The expansion will add more than 137,000 square feet of new construction along with 50,000 square feet of renovated spaces to help meet the region's health care needs.

Included in the new construction is a plan to build a four-story, 88,000-square-foot addition on to the Hannibal Regional Medical Group's building, which adjoins the hospital. The addition will be east of the existing three-story medical building.

Todd Ahrens, president and CEO of Hannibal Regional Healthcare, said the addition will allow the health care system to hire more physicians to serve patients.

"We are already very near capacity on space, so the additional office building will allow us to bring in additional physicians and additional specialties that our community needs," Ahrens said.

Hannibal Regional also will be adding about 49,000 square feet of new construction to the hospital. Some of the work will begin in October with the addition of a two-story expansion of the hospital's intensive care and progressive care units, which will be equipped with state-of-the-art imaging technology in the same setting where surgery takes place.

Ahrens said these "hybrid operating rooms" will allow imaging to occur immediately before, during or after surgery "so you don't have to be bringing in imaging equipment or take a patient out of that room to do that."

Once the new operating rooms are added, the existing surgery department will undergo a renovation. Six new surgery suites will be added with advanced medical imaging operating rooms.

Hannibal Regional also plans to make interior renovations to the hospital mall and build new entrances to the hospital and the existing Medical Group building.

Ahrens said preliminary construction work is underway. He said crews are building a parking area northeast of the Medical Group building to provide new spaces to replace those to be lost during construction of the addition.

Also, the receiving dock and support areas are being expanded, and major utility systems are being relocated.

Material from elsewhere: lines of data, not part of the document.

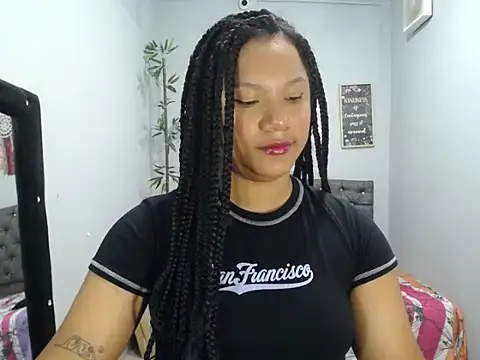 willowsweett online show from May 22, 2026, 11:27 am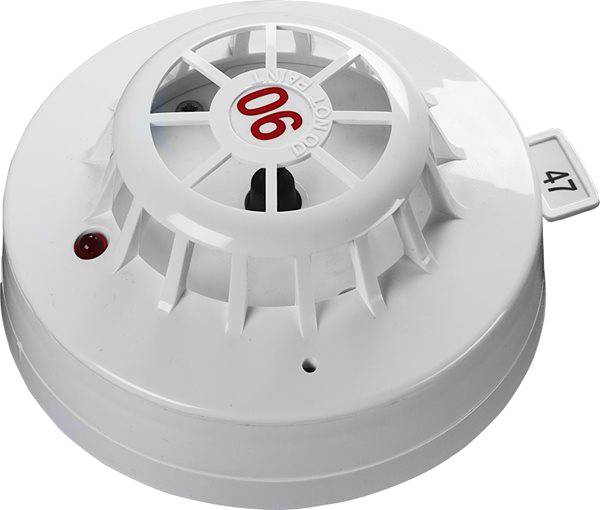 优势代理泰科tyco探头601hrm火灾探测器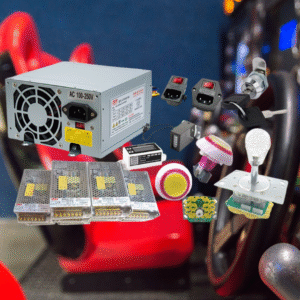 Crane Game Machine Accessories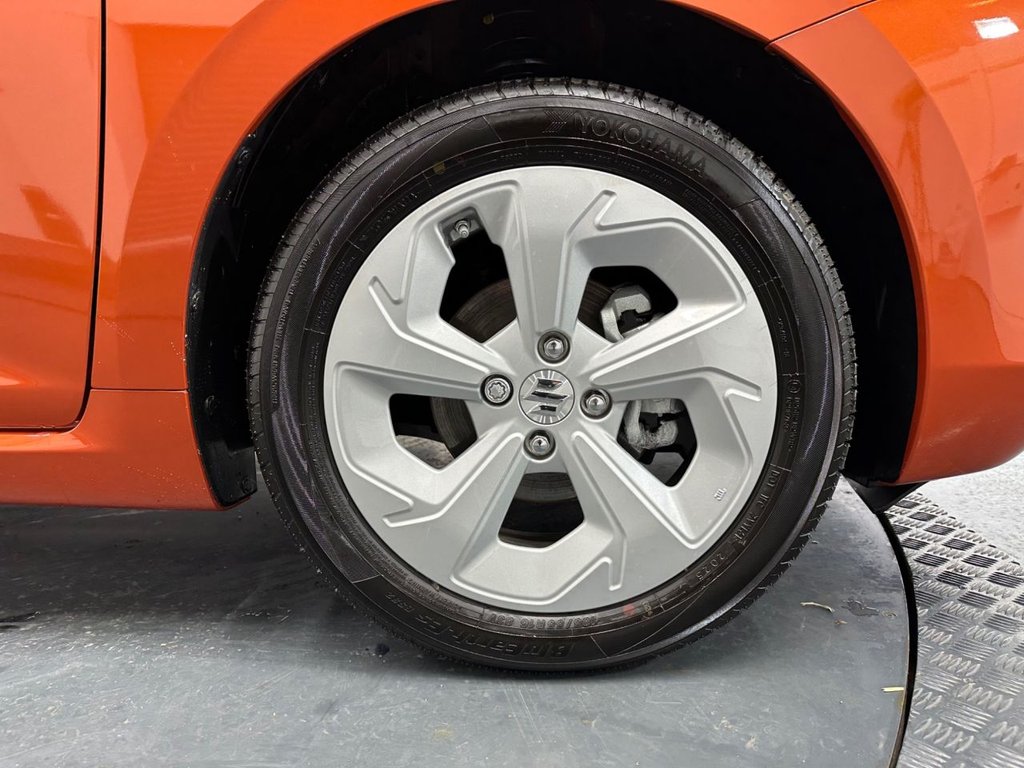 Used Suzuki Swift 2026 for sale - 77642200: Photo 28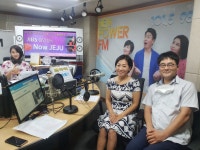 JIBS | 사진방  월간 소방24) 안전하고 행복한 제주만들기   with. 제주 소방안전본부 서현주소방위× 이지형 소방사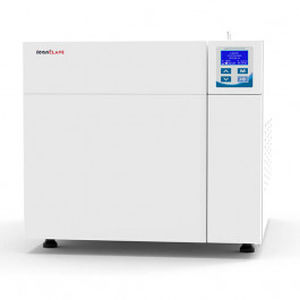 Autoclave de laboratorio - 3242T - ningbo ican machines co.,ltd - de microbiología / de vapor / de vapor saturado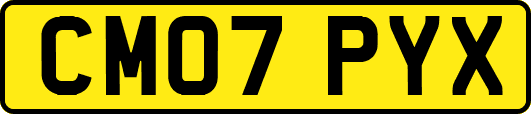 CM07PYX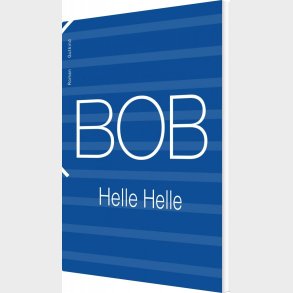 Bob - Helle Helle - Bog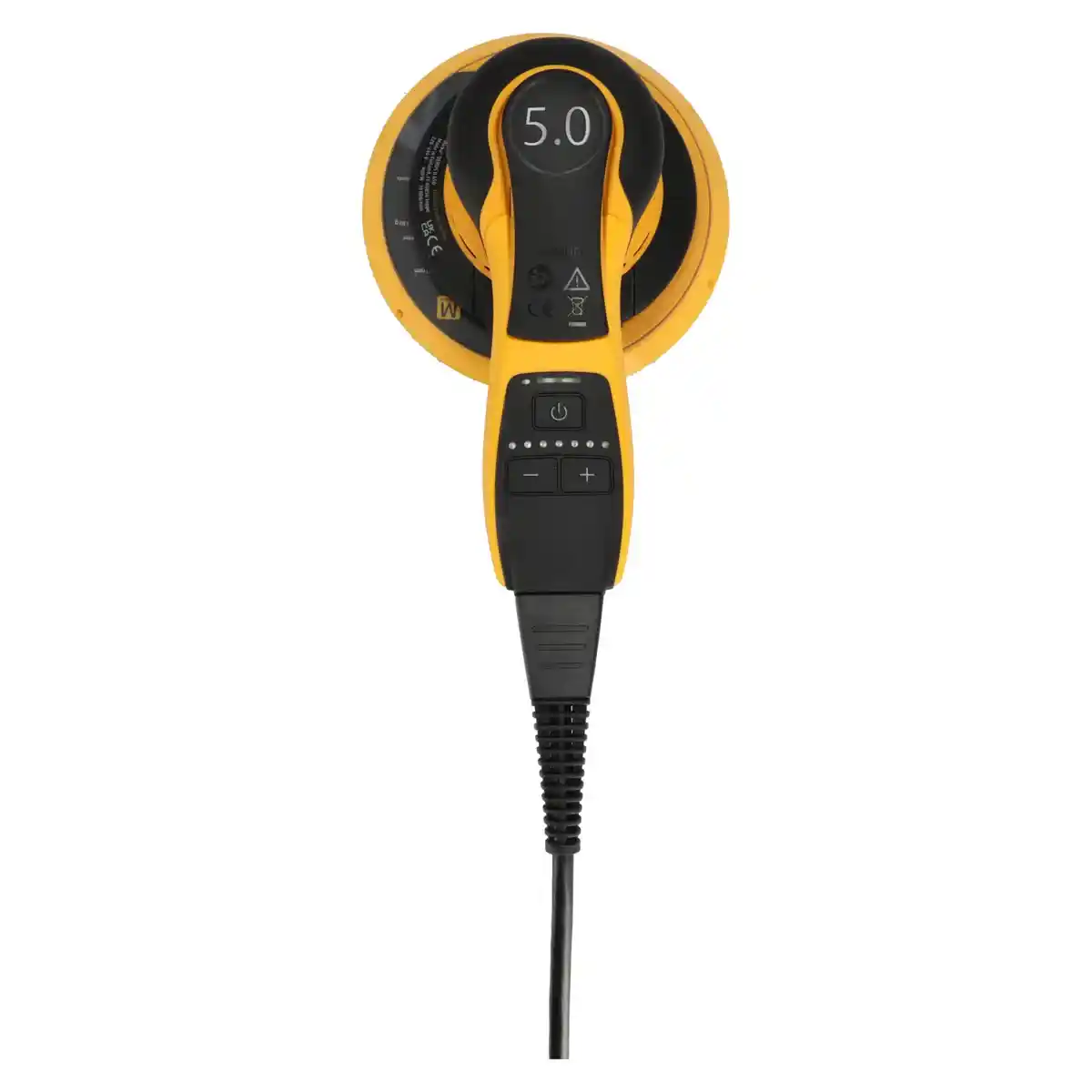Slefuitor orbital Mirka DEROS II 650 150mm Orbit 5.0 [2]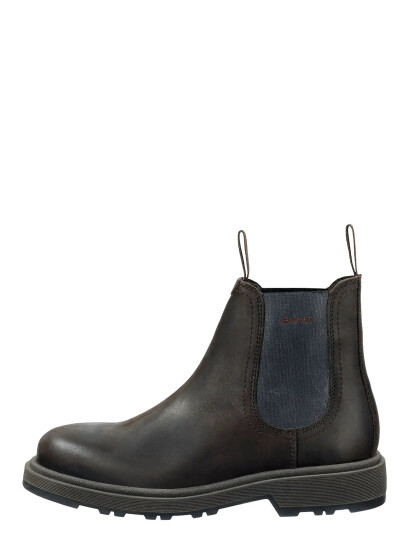 GANT Blisdor Chelsea Boot - Brown - 41 GANT Blisdor Chelsea Boot - Brown - 41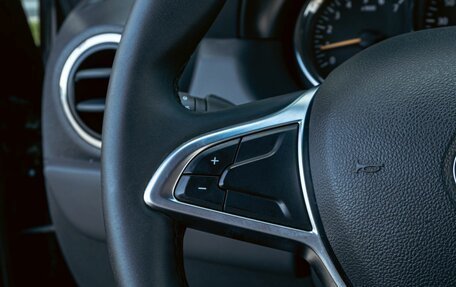 Renault Duster I рестайлинг, 2020 год, 1 395 000 рублей, 11 фотография
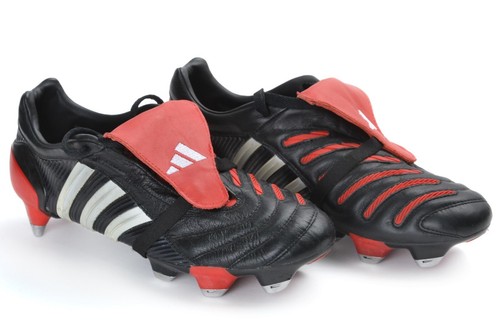 Scarpe calcio adidas - da,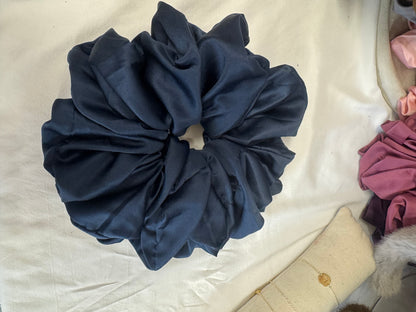 Ultimate Giant Hair Scrunchies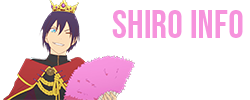 ShiroInfo - Tempat Sharing Seputar Anime & Manga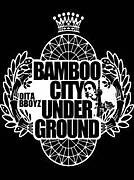 bamboo city underground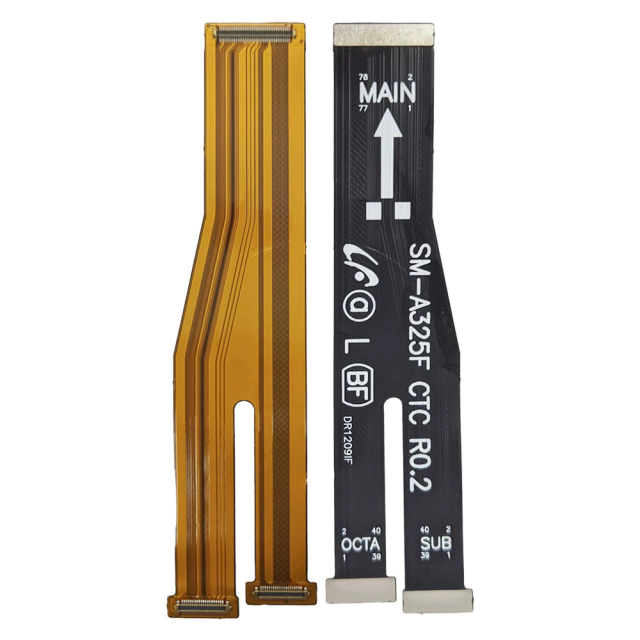 Flex Interconexion Principal Main LCD Samsung A32 / A22 4G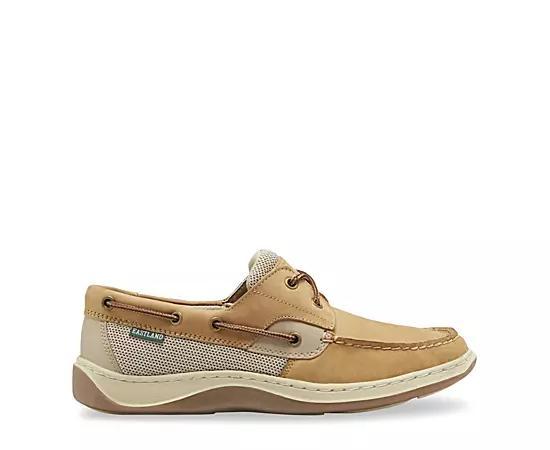 Eastland Solstice Men's Oxford Boat Shoes, Size: 13 Medium Product Image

Ahrens said the construction projects are likely to cause some disruption during the next couple of years for Hannibal Regional employees and patients, "but you can't grow without that disruption," he said.

"That's always one of the challenges with construction projects -- disruptions and interruptions and noise, not only for team members and the community, but for patients that are coming to us for care," Ahrens said. "So we're going to do what we can to limit those disruptions and limit that inconvenience."

He said the construction work will not result in an increase in the number of in-patient accommodations at Hannibal Regional Hospital, which will continue to have 86 hospital beds and 13 in-patient rehab unit beds.

However, he said the expansion will significantly expand the hospital's ability to provide outpatient services.

"A lot of care is moving into an outpatient setting" at medical facilities across the nation, Ahrens said. "So this will greatly increase our ability to take care of more patients specifically on the outpatient side of things."

Hannibal Regional Hospital has been at its current location since March 1993. Several expansions have taken place since then, including the construction of the Hannibal Regional Medical Group building in 2009 to provide better office spaces for the hospital's employed physician group.

"This building has served us well for those 24 years, but it's time to refresh and update and make sure we're the right size for the additional services we need to provide," Ahrens said.

"It's very exciting, and we're really looking forward to making sure we're doing what the community needs as far as getting their health care local."